Crews also had to bring in temporary fill material to smooth out the grade the crane was traveling on, building up some portions by as much as 3 ft to create a level surface.
The bridge consisted of 24 segments, ranging in length from 119 ft to 138 ft. Each segment weighed approximately 205,000 lb.
The Manitowoc 16000 has a 440-USt capacity and 315 ft of main boom. The crane for the bridge work was configured with 230,000 lb of counterweight and would lift at a 50-ft radius.

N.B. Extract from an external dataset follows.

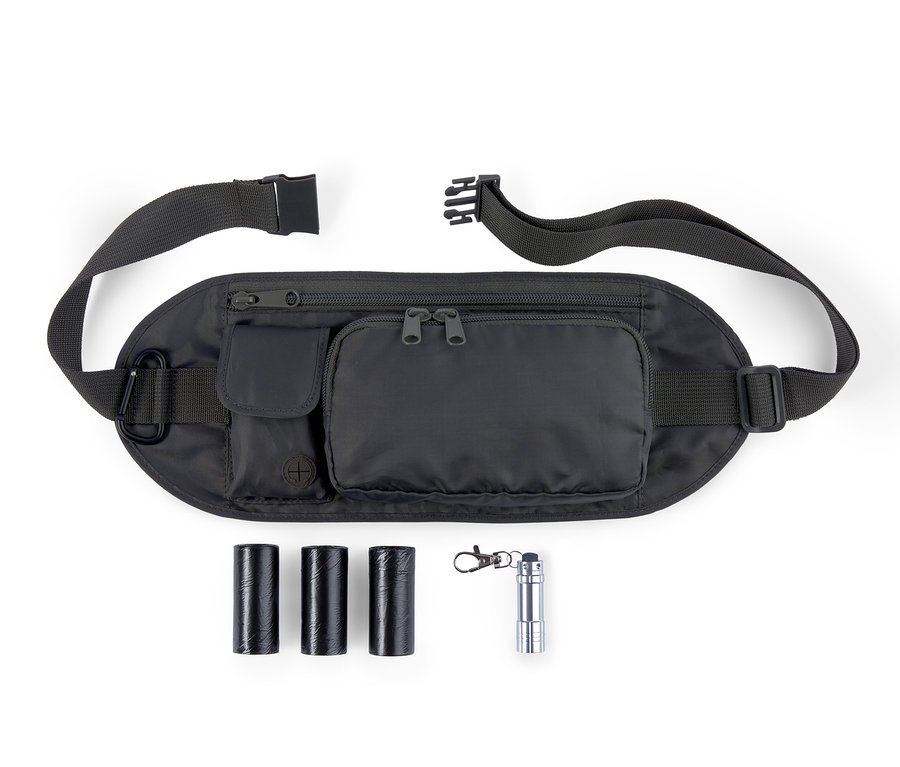 Eine schwarze Hunde-Gassibeutel-Tasche liegt auf einem weißen Hintergrund.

Two weekends were allotted for the work, which is how long it took—just not over the two weekends that were originally planned. When the second weekend arrived, Cleveland was experiencing a rare July rain event that scuttled any chance of completing the job. The weekend after that, an already-scheduled MLB baseball game negated any work, as the contract did not allow interstate shutdowns if an event drawing more than 20,000 people was scheduled in downtown Cleveland.
“Luckily, we’d reserved the crane for a full month,” said Mesick. “And we needed it.” Crews worked from 6 a.m. to 10 p.m. each night to get the work done in the allotted time.
“This typically would’ve been a job for two cranes in a tandem pick, but that just wasn’t possible here,” said Mesick.
The $29 million bridge project is part of a larger plan to widen Cleveland’s Innerbelt to three lanes to reduce peak traffic and cut down on the number of rear-end and sideswipe accidents.